To get herpes, you need the virus and broken skin. Since rubbing breaks skin, sexual contact with infected partners is a frequent cause of herpes. Typically, a person develops grouped painful or itchy blisters that look like poison ivy and disappear after one to six weeks. For some, genital herpes never recur, but almost all people who have a painful first episode will have recurrent blisters in exactly the same place.

A person who has herpes can be contagious, even when there are no visible blisters. The only way to diagnose herpes is to have a culture done on a wet blister.

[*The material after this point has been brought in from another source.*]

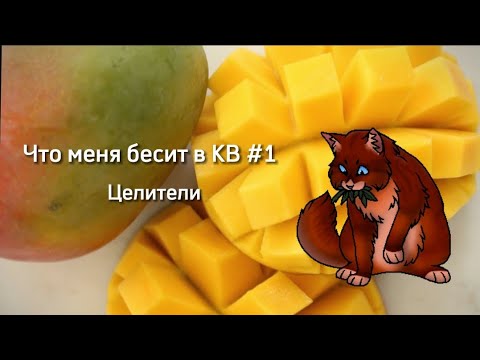 Видео: Что меня бесит в КВ || Целители || Коты-Воители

There are no dependable blood tests to tell if you have herpes because more than 92 percent of all Americans have had herpes and therefore have positive blood tests.

Herpes is the most common cause of swelling and pain around the rectum or vagina; anyone with these symptoms should get a culture for herpes, even if they are not sexually active.

Almost all North Americans have had herpes, but only seven percent get blisters recurrently. If you have had only one bout of herpes, you do not need treatment. If you have fewer than four recurrent genital herpes attacks per year, your doctor will probably prescribe 21 500mg tablets of Famvir or Valicyclovir that you keep on hand all the time and take them at the first tingling or itching that precede an outbreak. If you have more than 4 attacks a year, your doctor will probably prescribe valicyclovir or Famivir. By the third year on that regimen, as many as 82 percent have no outbreaks at all. Taking acyclovir every day can help to prevent a person from being contagious. Valicyclovir and Famvir are both approved by the FDA for long-term use.

People with recurrent herpes can be contagious any time, but they are less likely to be contagious when they do not have blisters. Virtually everyone in North America has had herpes, but only seven percent get it recurrently. If a person with recurrent herpes is on Valtrex every day, he or she will not shed as much and not be as contagious. Personally, I would not ruin a relationship because of herpes because you are not likely to find anyone who has not had herpes.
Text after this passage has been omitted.